The major argument in using EP in a large data setting is that the approximation to the true posterior can be build using one part of the data at a time and thus avoids handling the entire likelihood function. Nonetheless, I still remain mostly agnostic about using EP and a seminar this morning at CREST by Guillaume Dehaene and Simon Barthelmé (re)generated self-interrogations about the method that hopefully can be exploited towards the future version of the paper.

One of the major difficulties I have with EP is about the nature of the resulting approximation. Since it is chosen out of a “nice” family of distributions, presumably restricted to an exponential family, the optimal approximation will remain within this family, which further makes EP sound like a specific variational Bayes method since the goal is to find the family member the closest to the posterior in terms of Kullback-Leibler divergence. (Except that the divergence is the opposite one.) I remain uncertain about what to do with the resulting solution, as the algorithm does not tell me how close this solution will be from the true posterior. Unless one can use it as a pseudo-distribution for indirect inference (a.k.a., ABC)..?

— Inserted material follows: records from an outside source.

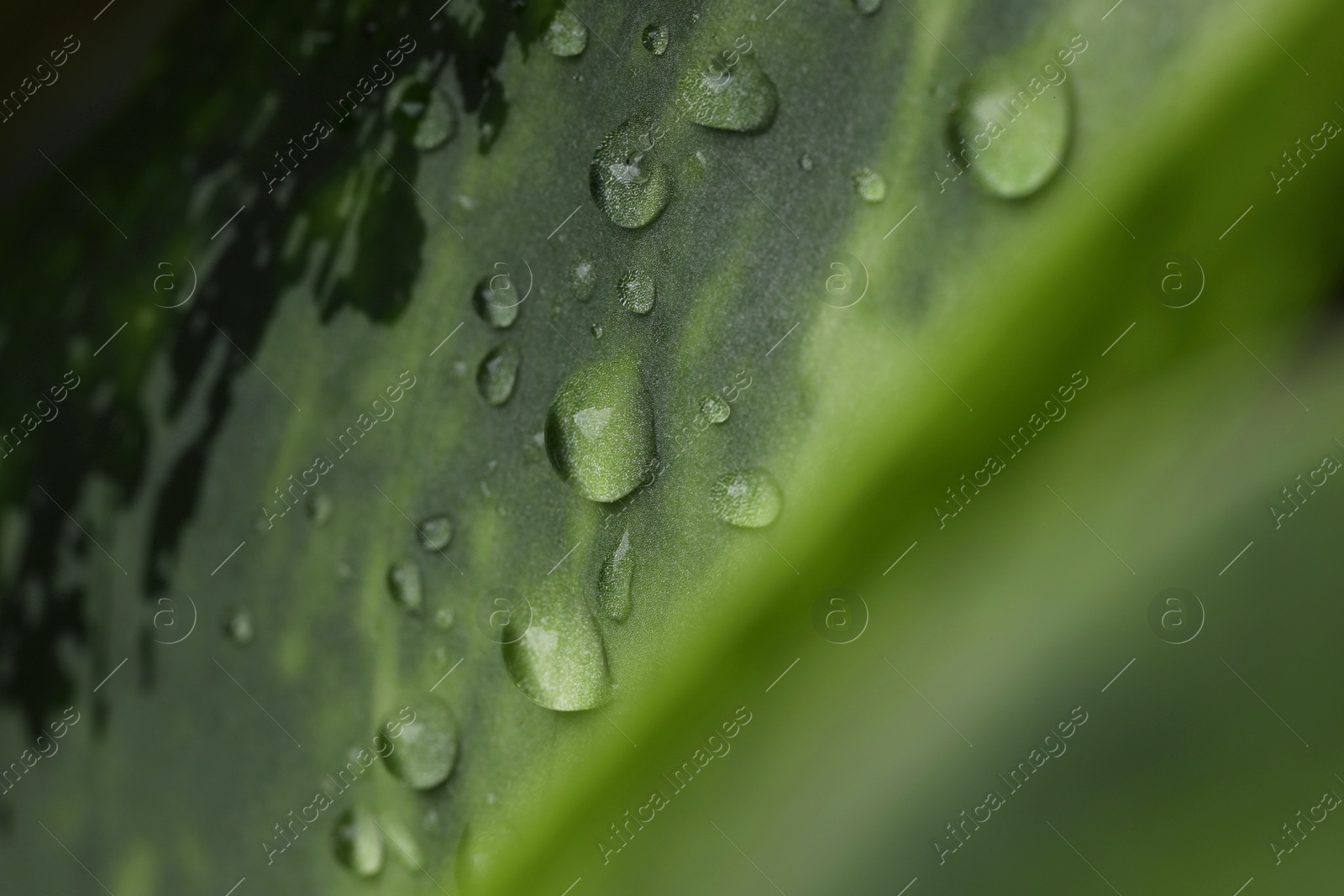 Photo of Plant with water drops on leaf, macro view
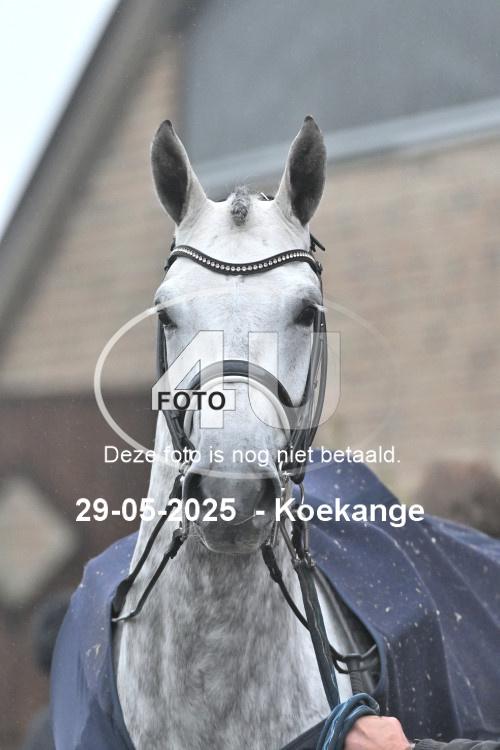 250529 1841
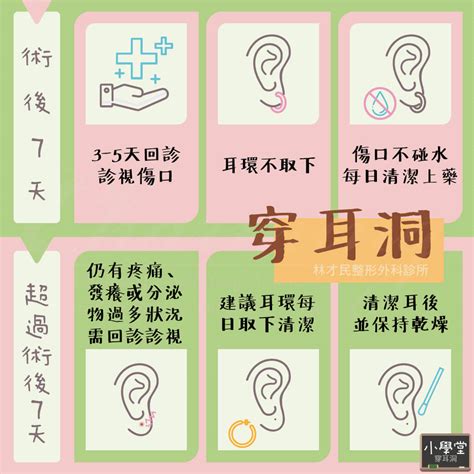 為什麼不能穿耳洞|【小學堂】打(穿)耳洞怎麼選？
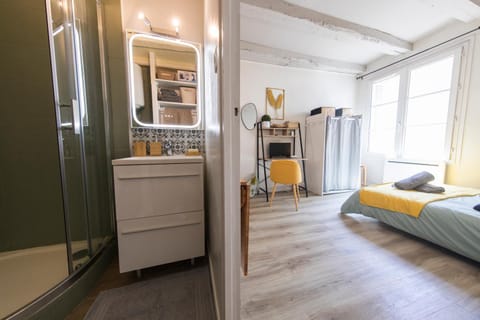 Studio Cosy Les 3 écritoires, hyper centre, wifi, VELORA Apartment in Saint-Cyr-sur-Loire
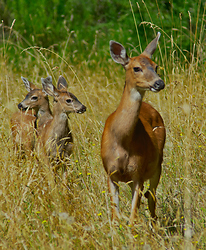 Mother Deer and Two Fawns - Cortes Island Deer photo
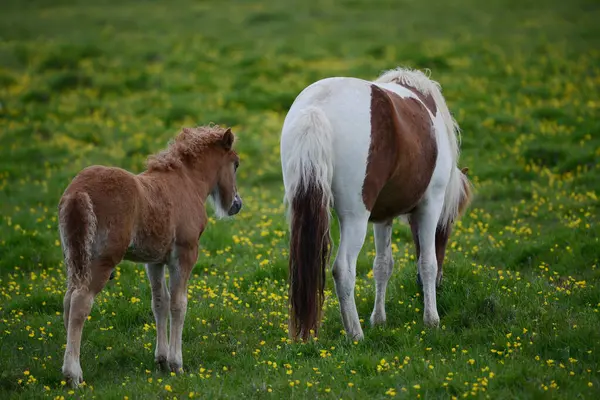 Iceland Horse Wild Nature — Stock Photo, Image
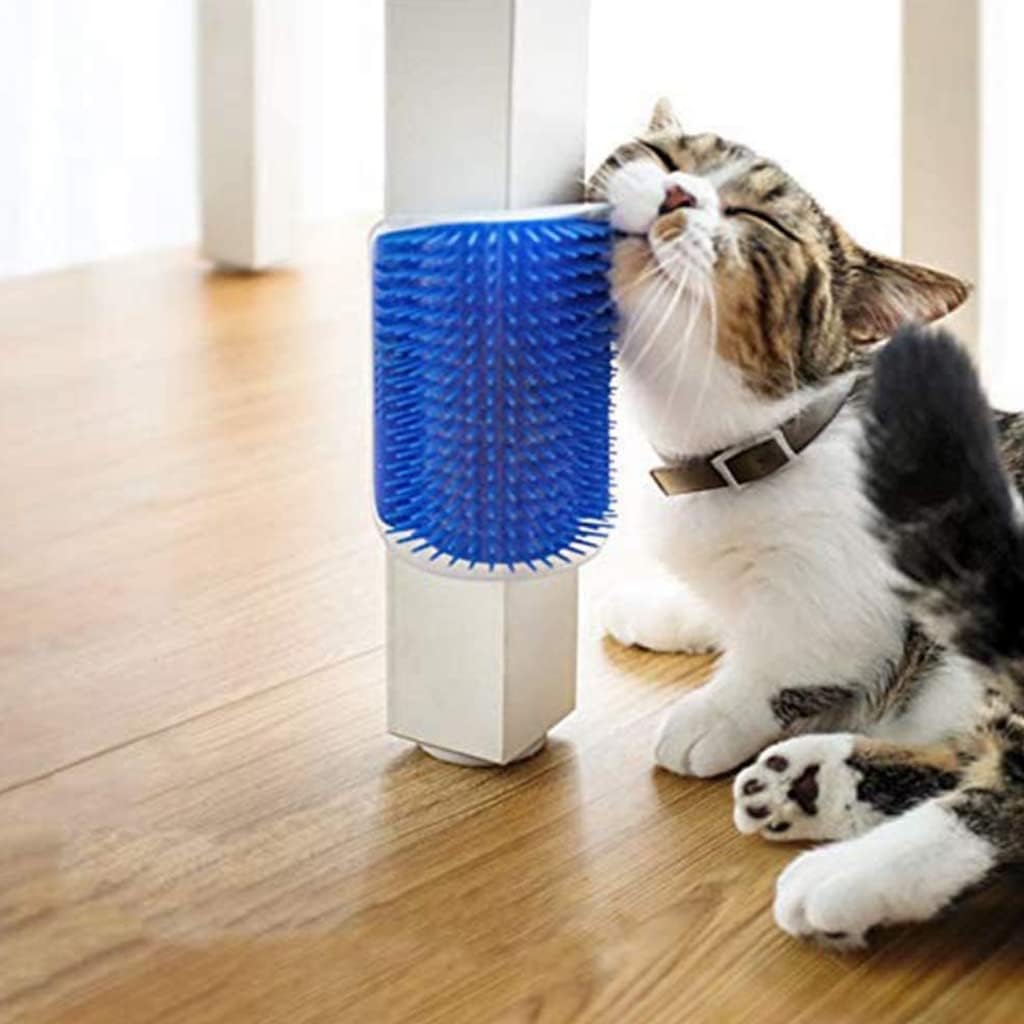 Coça Gato com Catnip 2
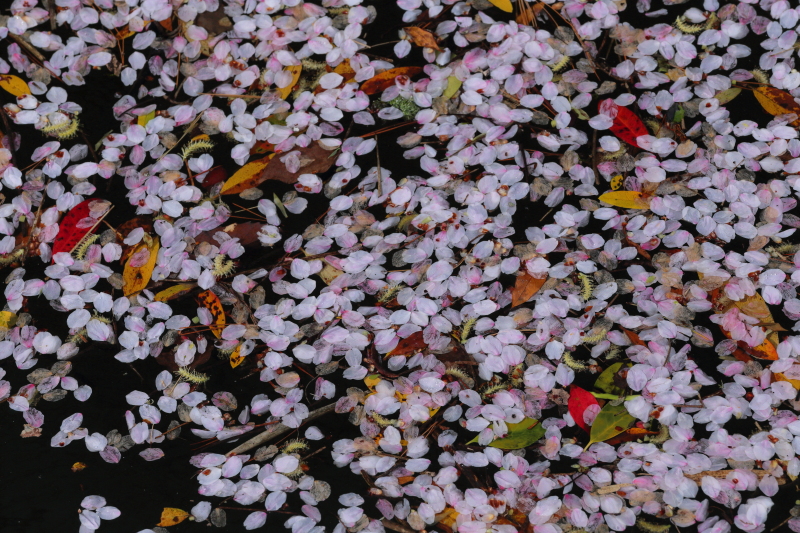 儚き美しさ | 山口県山口市の桜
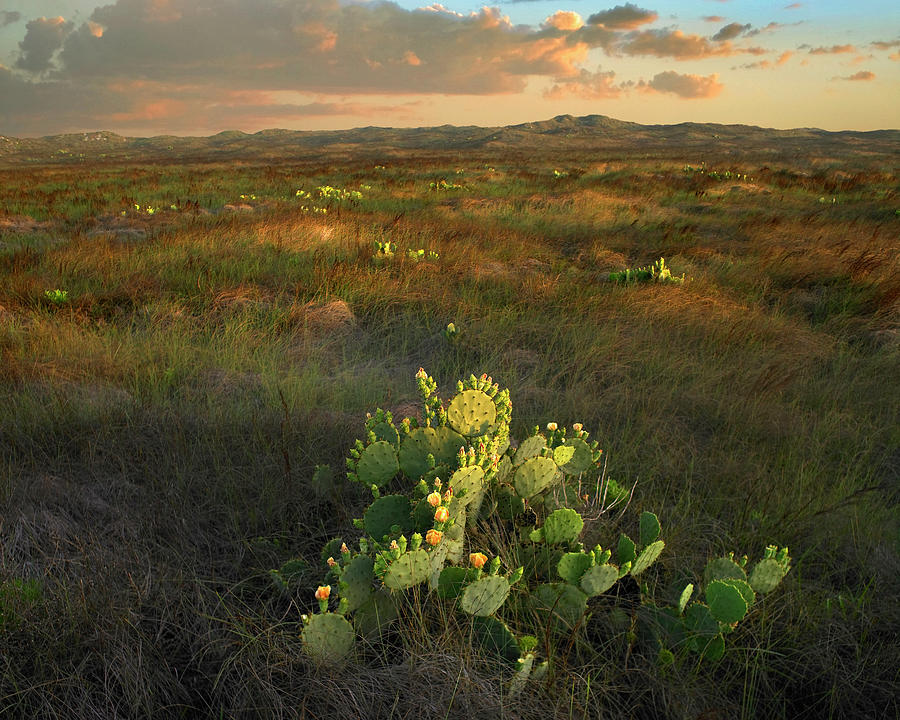 Opuntia, Mustang Island State Park, Texas Photograph by Tim Fitzharris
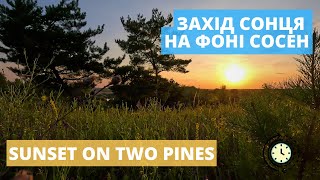 Timelapse: захід сонця на фоні сосен | sunset on two pines | 4k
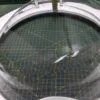 Люк Beko 2878300100-2 с дефектом царапина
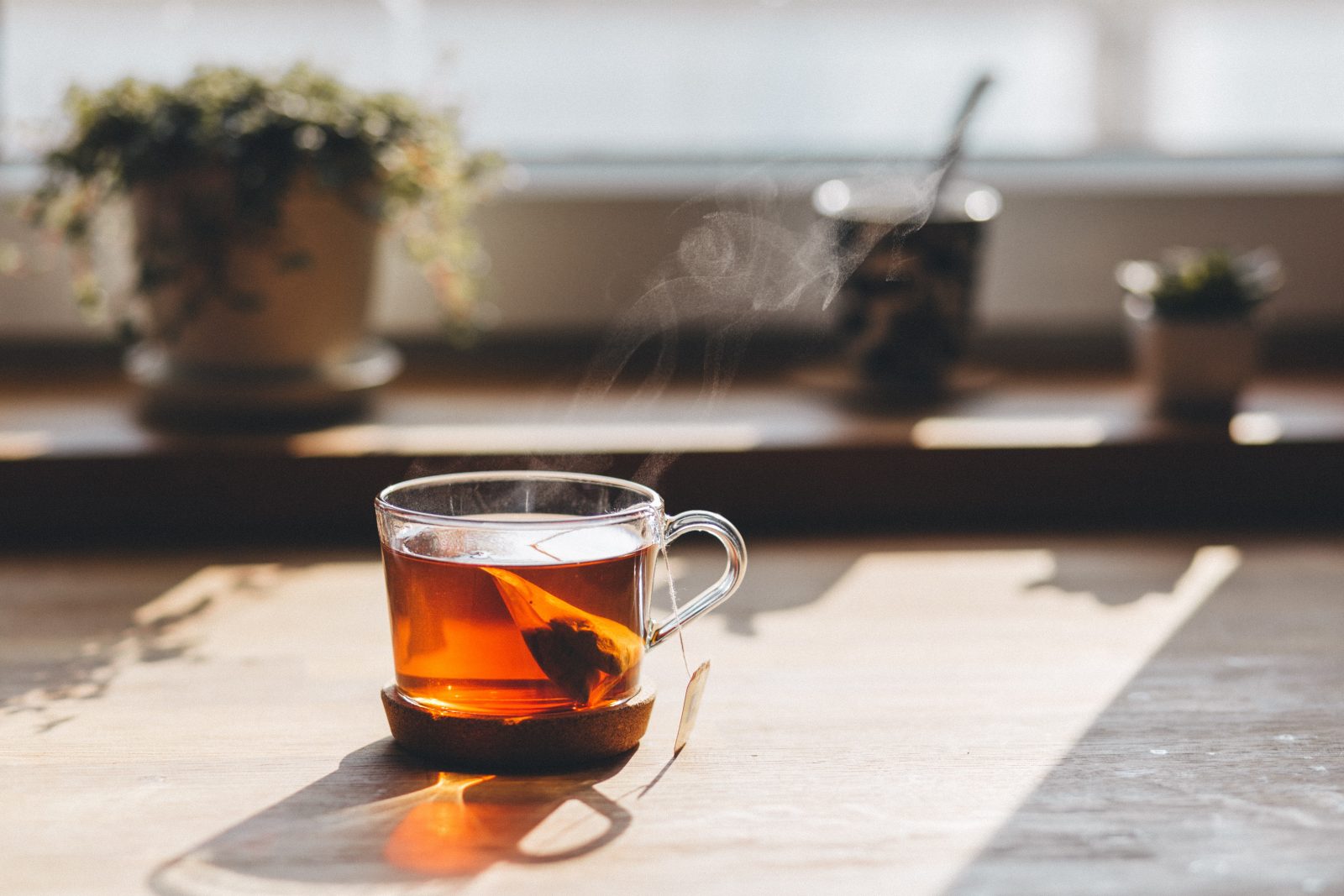 The Best Organic Tea Brands That You Need To Know About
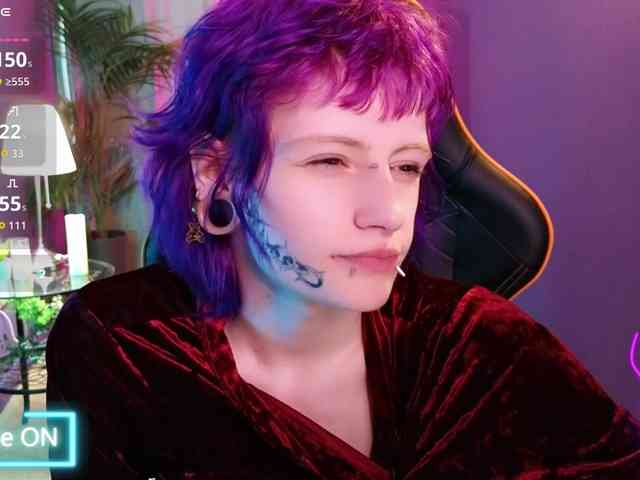 karkadeshka webcam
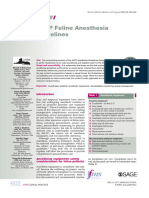 AAFP Feline Anaesthesia Guidelines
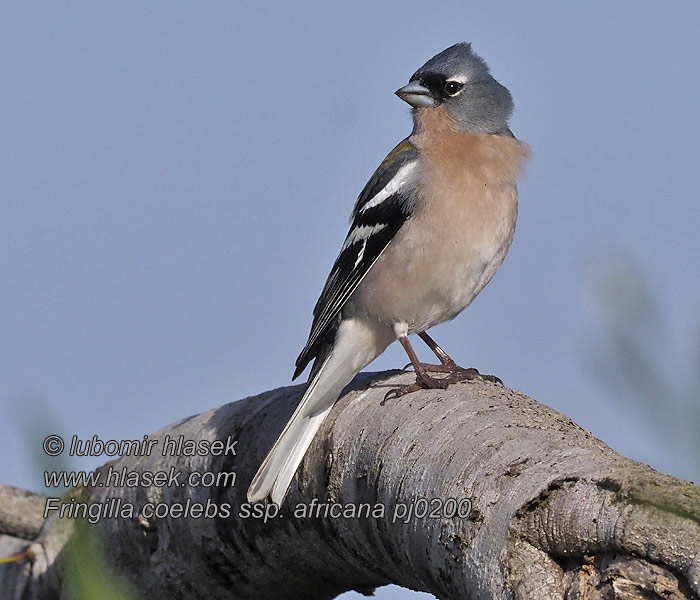 Fringilla coelebs africana Pinson d'Afrique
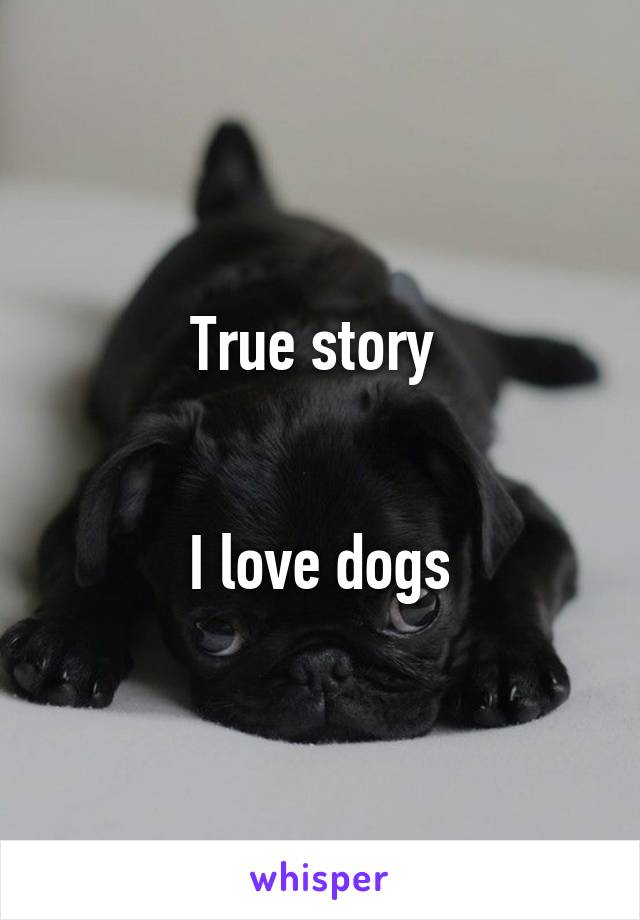 True story 


I love dogs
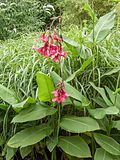 Profile Picture of Canna × ehemanniion Wikipedia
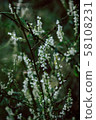 beautiful wild flowers on nature dark background. 58108231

Another thing that became clear during this seminar is that the decomposition of the target as a product is completely arbitrary, i.e., does not correspond to an feature of the target other than the later being the product of those components. Hence, the EP partition could be adapted or even optimised within the algorithm. Similarly, the parametrisation could be optimised towards a “more Gaussian” posterior. This is something that makes EP both exciting as opening many avenues for experimentation and fuzzy as its perceived lack of goal makes comparing approaches delicate. For instance, using MCMC or HMC steps to estimate the parameters of the tilted distribution is quite natural in complex settings but the impact of the additional approximation must be gauged against the overall purpose of the approach.